This is an overview of a new allocator based on Doug Lea's pmalloc, used in glibc. The new allocator design is based on input from JohnMoser and JohnBerthels; it may be appropriate to consider it the Berthels-Lea-Moser design.
The Gnome foundation has taken interest in reducing the memory footprint of Gnome. By reducing the memory needed by the Gnome desktop, Gnome will become more appealing to both users with limited memory and users wanting to maximize the potential of an ample amount of memory.
JohnMoser noticed a quirk in the pmalloc allocator by Doug Lea that causes excessive memory usage over time. This flaw occurs because unused portions of the heap are kept resident; and heap fragmentation is plentiful. With the constant allocation and deallocation of memory, the heap grows and then decays slowly, leaving holes throughout it that are filled in at the first available area big enough for any future allocation. Because of this behavior, allocations can become spread out and leave much fragmentation.

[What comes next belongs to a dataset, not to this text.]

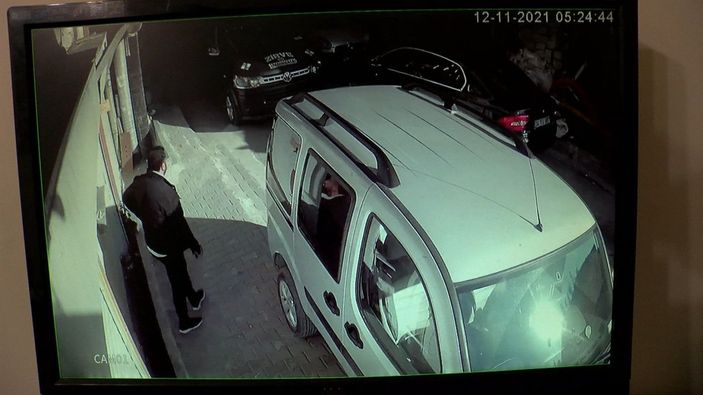 Bahçelievler'de patlama... Saniyelerle kurtuluş kamerada -1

Originally, JohnMoser had considered that a complete redesign was needed. To fix the allocator, he wanted to allocate smaller "miniheap" areas that were balanced such that the most used was preferred for any new allocation and the least used was less preferred. The end result would be that the least used areas would "starve" and be released back to the system eventually.
JohnBerthels supplied some insight which allowed for a minor tweak to the current allocator to solve the problem. In theory this method will work; however, JohnMoser still believes that a small but significant degree of improvement in memory usage can be gained by controlling the allocation patterns so that allocations group together. The end goal is to leave a fragmented heap as a series of large used and large unused areas, with the unused areas having neither resident memory footprint nor swap space.
JohnBerthels came up with a less invasive approach. It turns out that the madvise() function, appearing in the Single Unix Specification v3 as posix_madvise() as part of the Advanced Realtime option, allows an application to specify that an area of memory will not be needed in the near future. By using madvise() to indicate that an area of memory is not needed, the kernel can be allowed to remove the mapping and reduce the resident size of the application. Future access to the affected memory areas will create zeroed pages in those areas.
Unfortunately, madvise() is not POSIX; and posix_madvise() does not specify what "Specifies that the application expects that it will not access the specified range in the near future." However, Linux handles madvise() in a useful manner:
- Do not expect access in the near future. (For the time being, the application is finished with the given range, so the kernel can free resources associated with it.) Subsequent accesses of pages in this range will succeed, but will result either in re-loading of the memory contents from the underlying mapped file (see mmap) or zero-fill-on-demand pages for mappings without an underlying file.
Although this is ideal, it is not written in standard and thus not guaranteeable. Nevertheless, it is a good idea to take advantage of this behavior for the time being by teaching glibc and pmalloc to utilize madvise() on unused pages in the heap. By doing so, the impact of Berthel's enhancements may be more closely studied, and a case to preserve this behavior can be made in case it changes in the future.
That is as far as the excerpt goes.